Minerals, fluid inclusions and stable isotopes have been studied in ultrahigh-pressure (UHP) OH-rich topaz-kyanite quartzites from Hushan (west of Dongai), in southern Sulu (China). The quartzites underwent a metamorphic evolution characterized by a peak stage (3,5 GPa and 730-820 °C) with the anhydrous assemblage coesite + kyanite I, followed by an early near-isothermal decompression stage (2,9GPa and 705-780 °C) with growth of kyanite II, muscovite, and OH-rich topaz, and by decompression-cooling stages, represented by paragonite (1,9 GPa and 700-780 °C) and pyrophyllite (0,3GPa and 400 °C) on kyanite (I and II) and OH-rich topaz, respectively.These rocks may exhibit unusually low d18O and dD values acquired before undergoing UHP metamorphism.

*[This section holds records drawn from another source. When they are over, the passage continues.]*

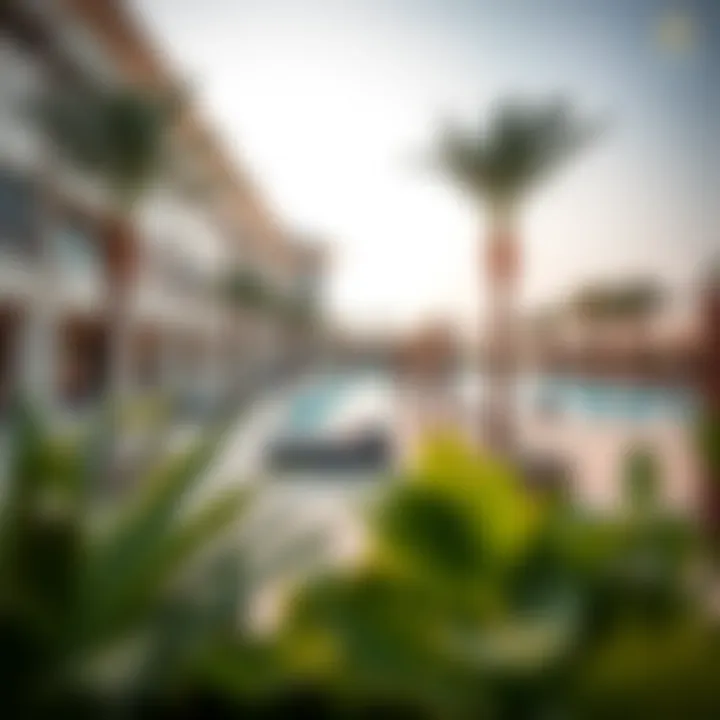 A panoramic view of the lush amenities available within Balqis Residence, including pools and recreational areas.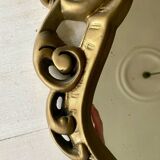 Large golden baroque style mirror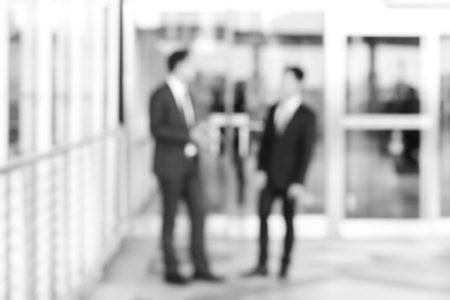 Blurred  image of businessmen greeting and having conversation at the corridor, business background concept in monochromeの写真素材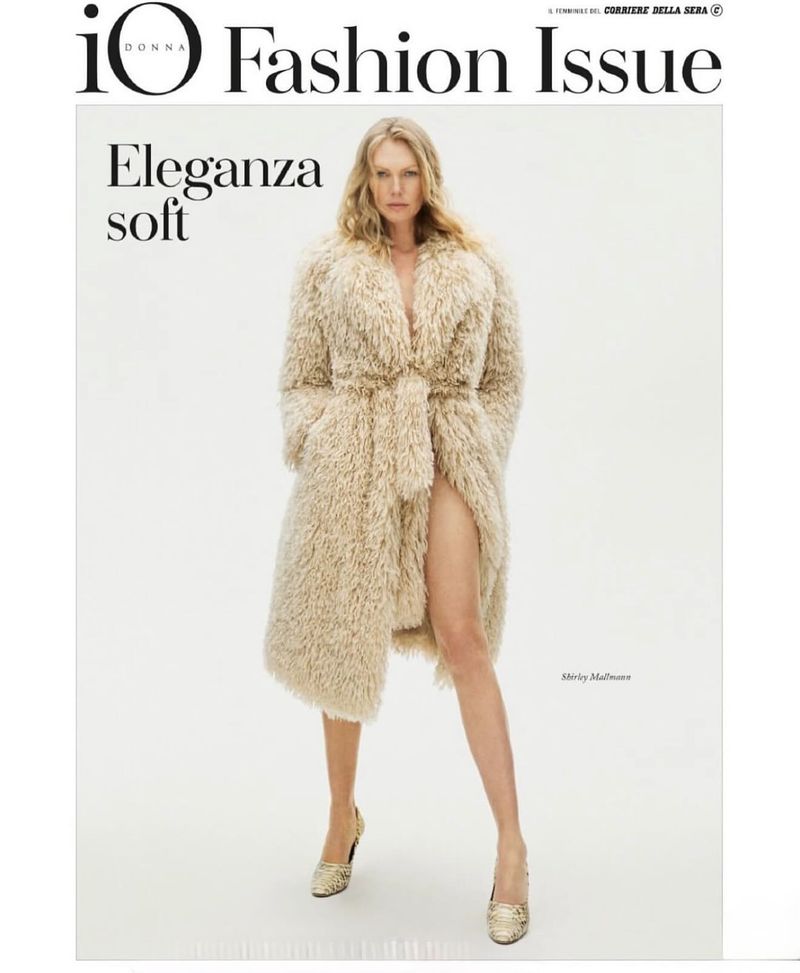 Fashion magazine cover featuring a blonde woman in a faux fur coat and gold heels against a white backdrop, promoting 'IO Donna Fashion Issue'.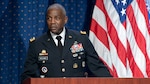 African-American man in Army dress uniform stands at a podium in front of the U.S. flag.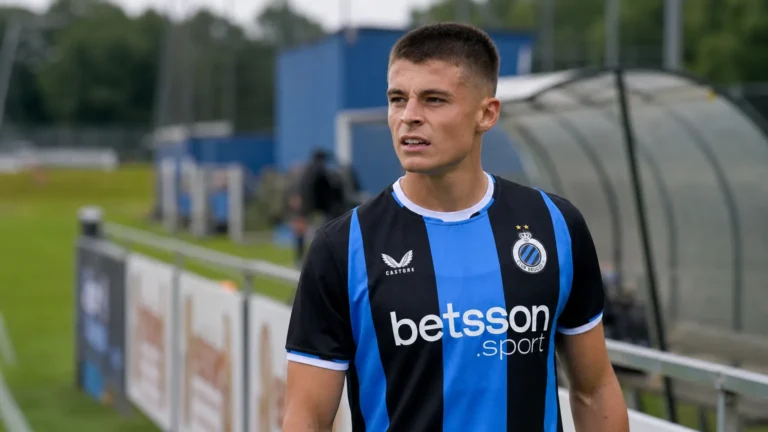Een Club Brugge-speler in blauw-zwart kijkt geconcentreerd naast het veld.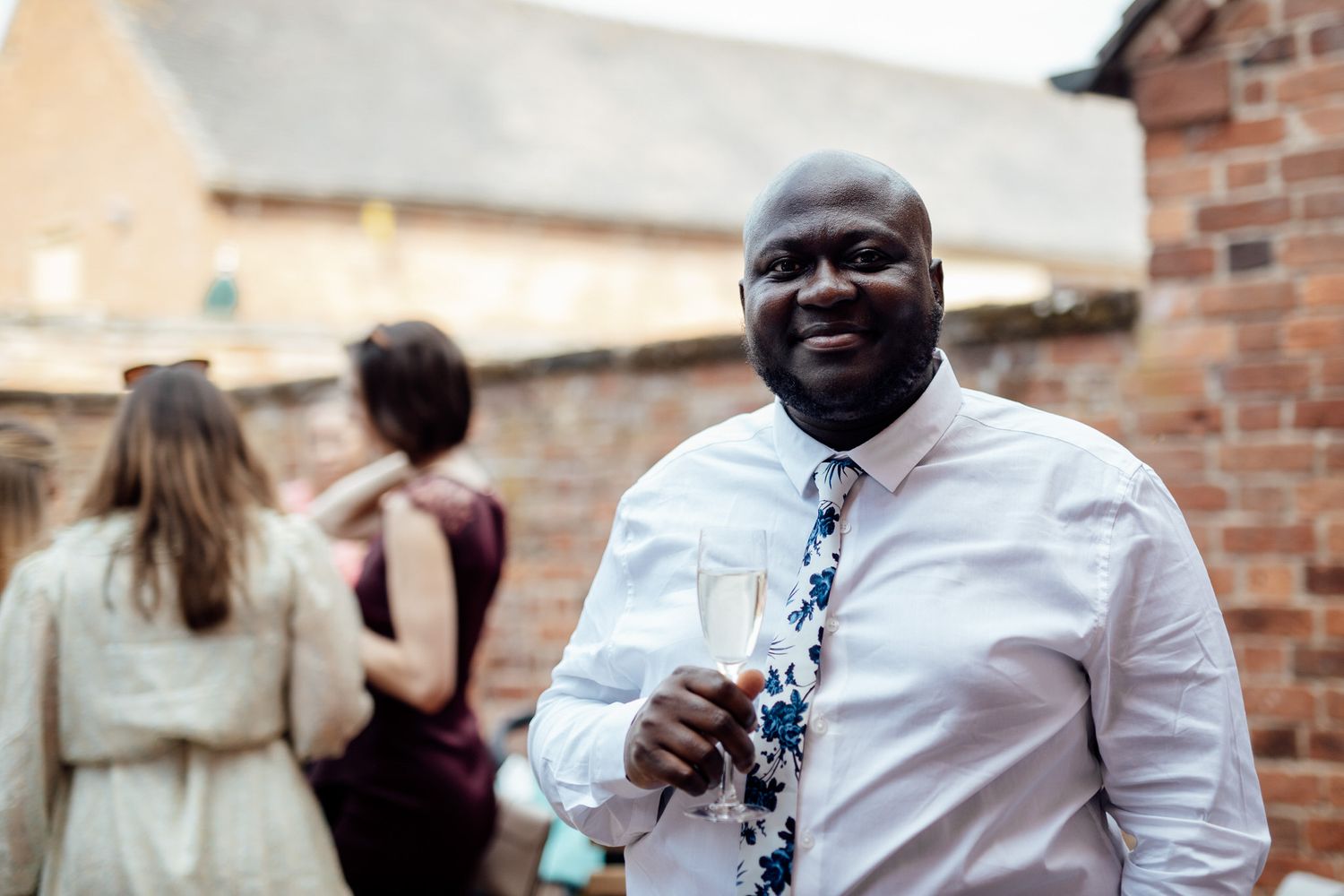 Wedding party members interacting outdoors against a brick wall backdrop.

Five distinct fluid generations are recognized.Type I: concentrated peak solutions rich in Si, Al, and alkalis, present within multiphase inclusions in kyanite I. Type II: CaCl2-rich brines present during the growth of early retrograde OH-rich topaz. Type III, IV, and V: late aqueous fluids of variable salinity, and rare CO2 present during amphibolite- and late greenschist-facies conditions. A number of conclusions may be drawn from these relationships that have an effect on fluid evolution in deeply subducted continental rocks. (1) At a pressure of about 3,5GPa alkali-alumino-silicate aqueous solutions, with compositions intermediate between H2O fluid and melt (H2O > 25 and < 50 wt %) evolved from quartzites, probably generated by dehydration reactions. (2) During early decompression stages, at the transition from UHP to high-pressure (2,9 GPa) conditions, brines of external origin with higher water contents (82 wt % H2O) initiated the growth of OH-rich topaz and muscovite. (3) The subsequent decompression, at P < 2 GPa, was defined by a limited circulation of NaCl aqueous fluids, and CO2 infiltration. Overall, fluid inclusions and stable isotopes highlight a metamorphic fluid-rock interaction characterized by internally derived intermediate aqueous solutions at UHP, followed by infiltration of Cl-rich brines with higher water activities.